= Riboflavin carrier protein =

Riboflavin carrier proteins (RFCPs) together with human serum albumin transport flavin mononucleotide (FMN) in the blood circuit. RFCPs are important in pregnancy.

Studies from India have identified a riboflavin carrier protein (RCP) present in bird (e.g., chicken) eggs, which is considered to be specific for riboflavin, and is essential for normal embryological development. If this protein is rendered ineffective (e.g., by immuno-neutralization) by treatment of the bird with a specific antibody, then embryonic development ceases and the embryo dies. A genetic mutant lacking RCP is likewise infertile. A homologous protein, which can be rendered ineffective by the antibody to pure chicken riboflavin carrier protein, has been shown to occur in several mammalian species, including two species of monkeys, and also in humans. Very recent studies have suggested that circulating RCP levels and the immunohistochemical staining of RCP in biopsy specimens may provide new markers for breast cancer diagnosis and prognosis. Termination of pregnancy has been demonstrated by immuno-neutralization of RCP in monkeys. There remains some controversy over the roles of RCP, however, the other, less specific riboflavin binders in blood, including gamma-gobulins, also seem to play an important role. These studies have provided an intriguing example of the role of specific vitamin-transporting mechanisms, designed to ensure that the vitamin needs of the developing embryo will be efficiency met. Further evidence of the special needs of developing embryos has been provided by the demonstration that riboflavin analogs can cause teratogenic changes, even in the absence of any detectable damage to maternal tissues.
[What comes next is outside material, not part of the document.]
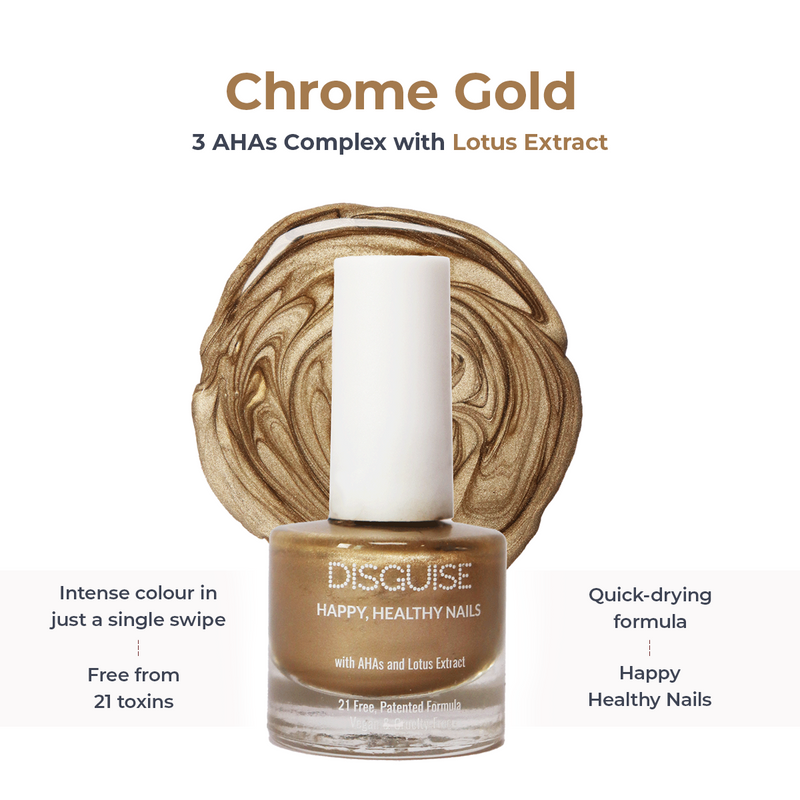 Chrome Gold 143, 21 TOXIN FREE | WITH AHA & LOTUS EXTRACT | INTENSE COLOR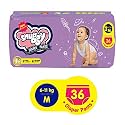 Snuggy Baby Diaper Pants Medium 36 Count (Pack of 1), 6-11 kgs, Rapid Absorption, Anti - Bacterial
== Chicken Riboflavin carrier protein ==
RCP in chicken eggs is in both the yolk and whites. The RCP found in the yolk differs from that of the egg white. The difference in amino acid structure of RCP attributes to the cite of production and the destination of the RCP—the yolk-RCP (made in the liver) had 11-13 less amino acid compared to the whites-RCP (made in the oviducts).

The concentration of RCP in chickens depends on the concentration of estradiol injected and an increased production of RCP can be induced.

The dependence of RCP production on estrogen enables a potential role in the detection of breast cancer.